Immer mehr war durch die Äste von dem Tier zu erkennen. Der Braunbär war dunkel wie die Borke einer Kiefer in der frühen Dämmerung. Er marschierte auf allen vieren direkt auf die Buche mit dem Bienenstock zu. Tara führte einen Scheinangriff und zog sich, von der schieren Masse des Bären beeindruckt, gleich wieder zurück. So breit und hoch wie der Bär war, musste es sich um ein Männchen handeln. Dabei wirkte er nach dem langen Winter zu dünn. An der Spitze seiner langen Schnauze saß eine tiefschwarze Nase, deren Flügel bebten. Seine dunklen Augen verfolgten jede Bewegung der Hündin. Seyfried war sich nicht sicher, ob er sie als Gefahr oder als Beute ausgemacht hatte.
»Tara!«, rief Anna verzweifelt. Sie hielt sich nur mit einer Hand an der Strickleiter fest, damit sie sich weit genug umdrehen konnte, um ihre vierbeinige Freundin im Auge zu behalten, die gerade einen neuen Angriff auf den Bären startete. Sie rannte vor, sprang zur Seite und gelangte so direkt neben das Raubtier.
»Tara!«, brüllte Anna verzweifelt.
Die Hündin sprang, zielte mit ihren Zähnen auf den Nacken des Bären. Ihre Kiefer schnappten zu wie eine Kaninchenfalle. Der Bär wirkte nahezu unbeeindruckt. Seyfried wusste, dass sein Fell so dick war, dass Tara ihn kaum verletzen konnte. Bedauernd blickte er hinab auf seine Armbrust, die am Baumstamm lehnte. Ein Bolzen ins Herz oder in den Kopf hätte das Raubtier töten können.

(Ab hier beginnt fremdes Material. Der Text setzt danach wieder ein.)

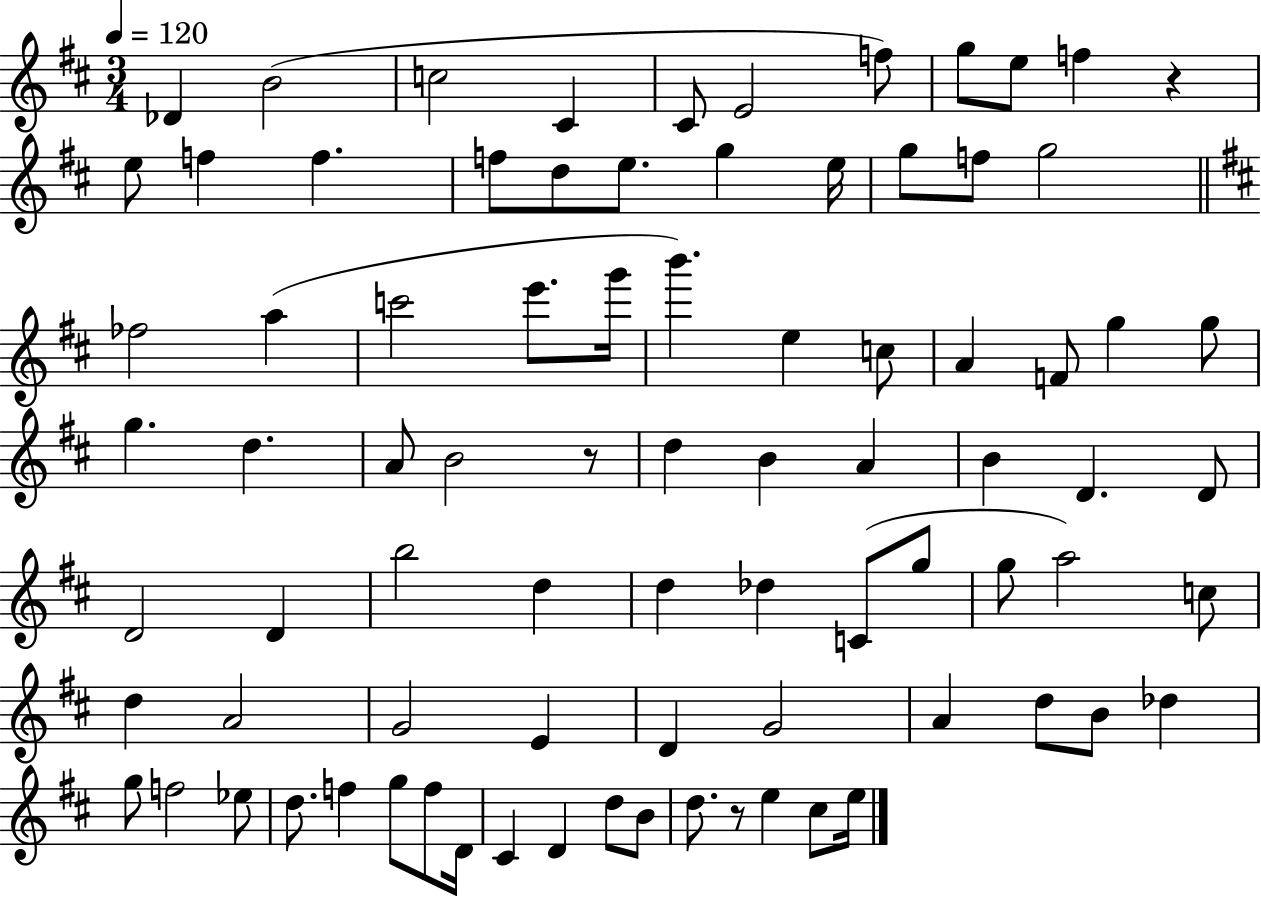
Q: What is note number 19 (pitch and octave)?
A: G5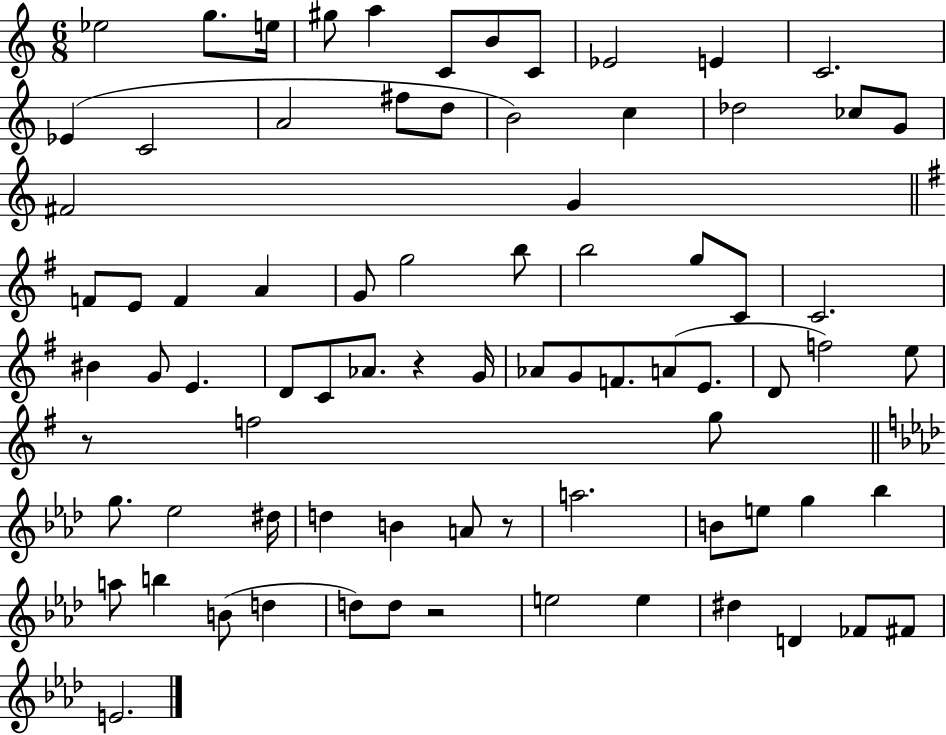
Eb5/h G5/e. E5/s G#5/e A5/q C4/e B4/e C4/e Eb4/h E4/q C4/h. Eb4/q C4/h A4/h F#5/e D5/e B4/h C5/q Db5/h CES5/e G4/e F#4/h G4/q F4/e E4/e F4/q A4/q G4/e G5/h B5/e B5/h G5/e C4/e C4/h. BIS4/q G4/e E4/q. D4/e C4/e Ab4/e. R/q G4/s Ab4/e G4/e F4/e. A4/e E4/e. D4/e F5/h E5/e R/e F5/h G5/e G5/e. Eb5/h D#5/s D5/q B4/q A4/e R/e A5/h. B4/e E5/e G5/q Bb5/q A5/e B5/q B4/e D5/q D5/e D5/e R/h E5/h E5/q D#5/q D4/q FES4/e F#4/e E4/h.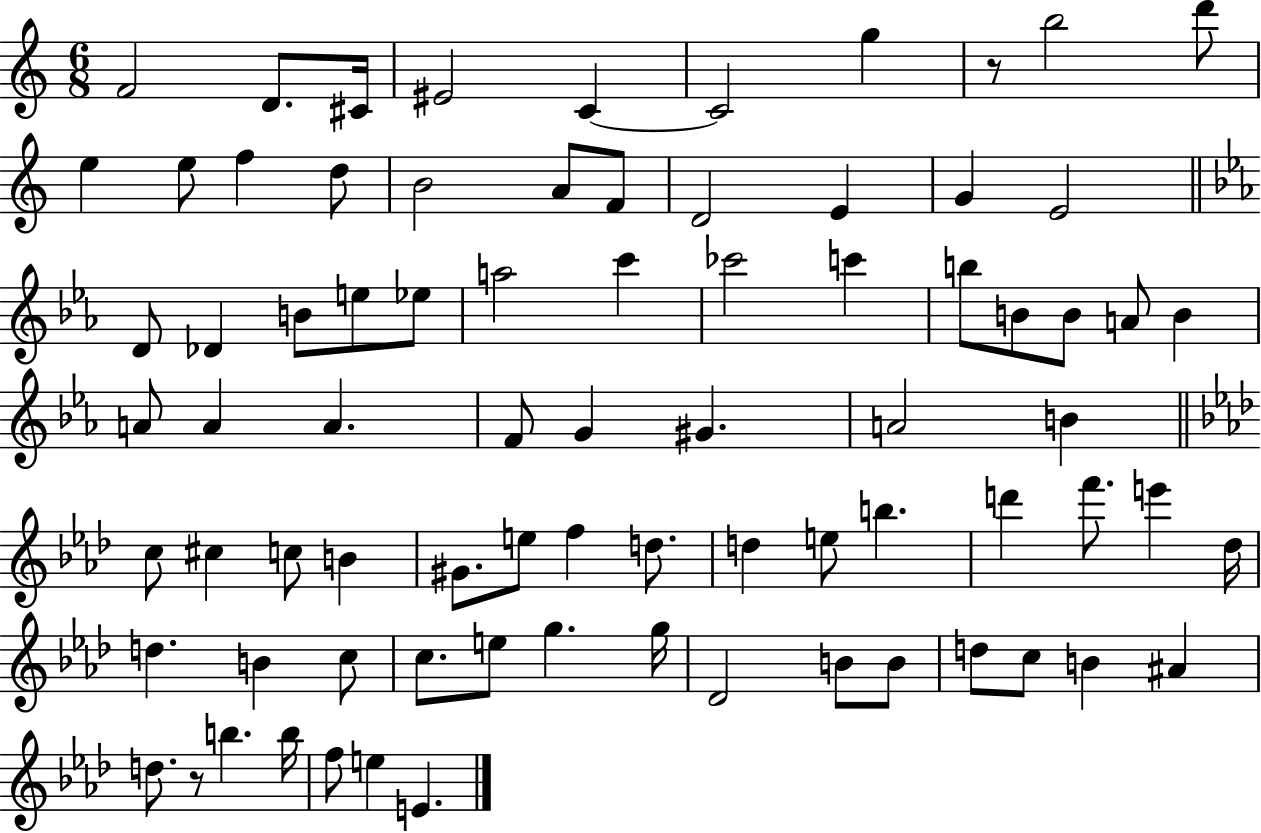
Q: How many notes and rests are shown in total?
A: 79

Anna brüllte, Bienen schwirrten um sie und Seyfried herum, griffen aber nicht an, während der ungleiche Kampf auf dem Boden gnadenlos fortgeführt wurde. Der Bär schüttelte die Hündin auf seinem Rücken mühelos ab. Mit einem missmutigen Grunzen stellte er sich auf die Hinterbeine. Doch er blieb nicht lange aufrecht, denn Tara hatte sich schon wieder aufgerafft und attackierte eines seiner Hinterbeine.
Seyfried glaubte, durch den Waldboden, den Baumstamm und die schmerzhaften Steigeisen die Erschütterung spüren zu können, als sich der Bär wieder auf alle viere fallen ließ. Das Raubtier drehte sich blitzschnell um, aber Tara war schon wieder auf seiner anderen Seite und griff ihren Gegner erneut an.
»Vater, was machen wir nur?«, rief Anna verzweifelt.
Seyfried wusste selbst keine Lösung. Auf keinen Fall konnten sie hinabklettern. Er hatte mit seinem Vater einmal Bekanntschaft mit einem Bären gemacht und wusste, dass die Tiere trotz ihres behäbigen Aussehens schneller waren als jeder Mensch.
»Kommst du an den nächsten Ast?«, fragte er, während Tara einen neuen Angriff startete. Dem Bären wurde der Hund langsam lästig. Das Grollen wurde aggressiver, die Haltung des mächtigen Jägers veränderte sich.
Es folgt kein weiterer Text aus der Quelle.